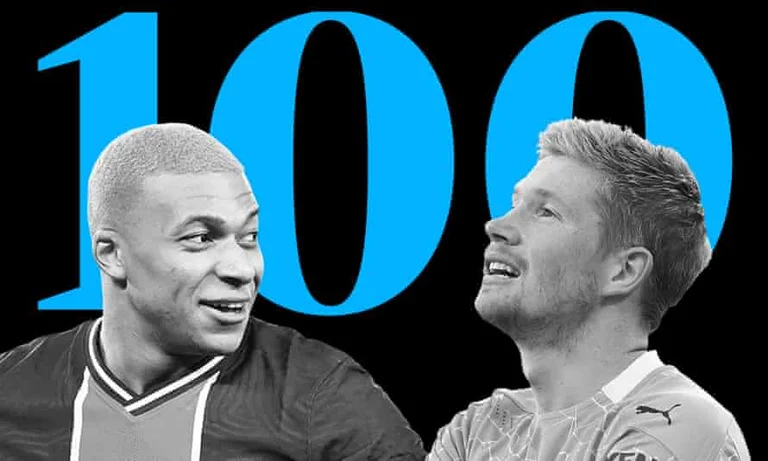 Le Guardian dévoile 100 meilleurs joueurs en 2020
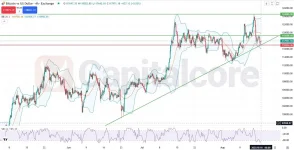 Chart-Analysis-and-Movement-Outlook-on-08.18.2025-.webp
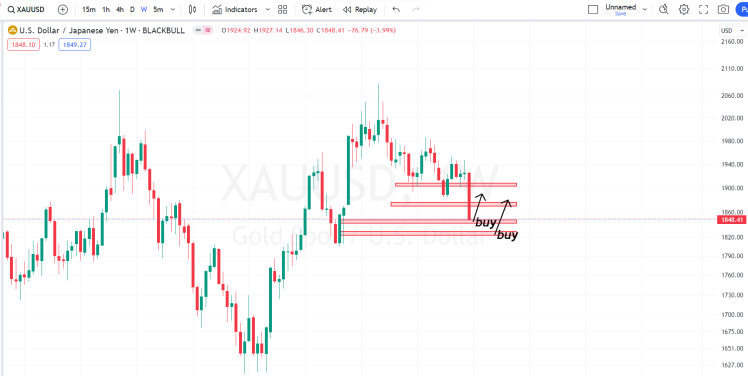 XAUUSD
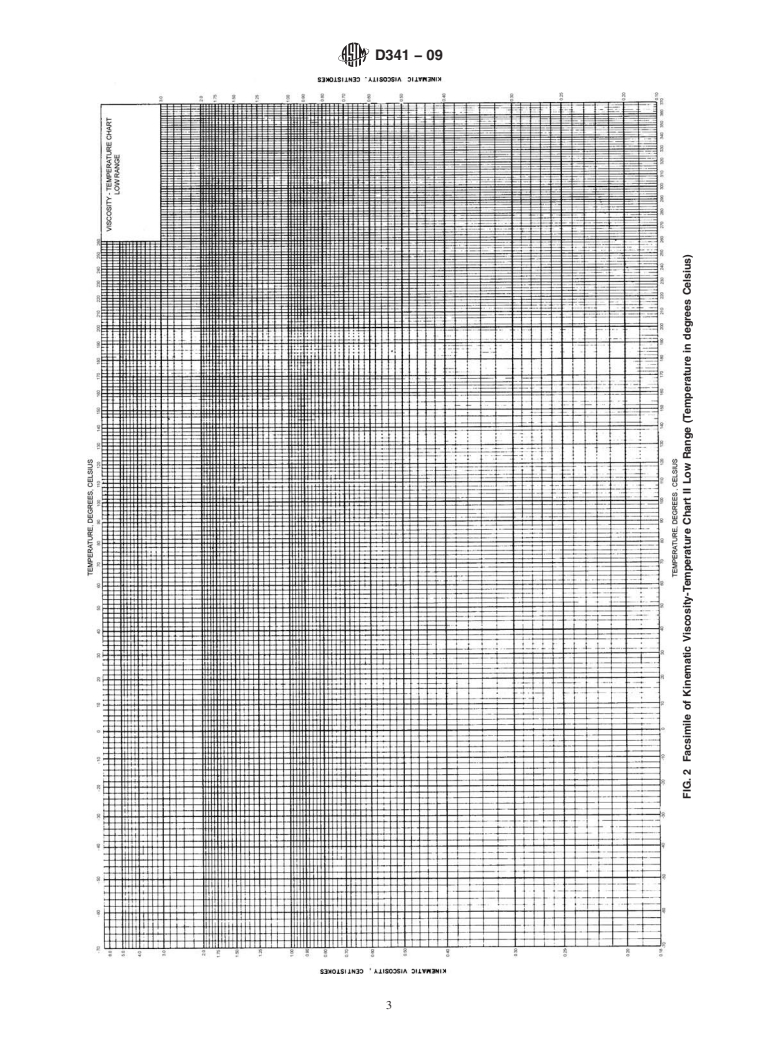 ASTM D341-09 - Standard Practice for Viscosity-Temperature Charts for Liquid Petroleum Products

**Your task**
Give the listing above again word for word, without its pictures.

**Reply to the exercise**
 Le Guardian dévoile 100 meilleurs joueurs en 2020
 Chart-Analysis-and-Movement-Outlook-on-08.18.2025-.webp
 XAUUSD
 ASTM D341-09 - Standard Practice for Viscosity-Temperature Charts for Liquid Petroleum Products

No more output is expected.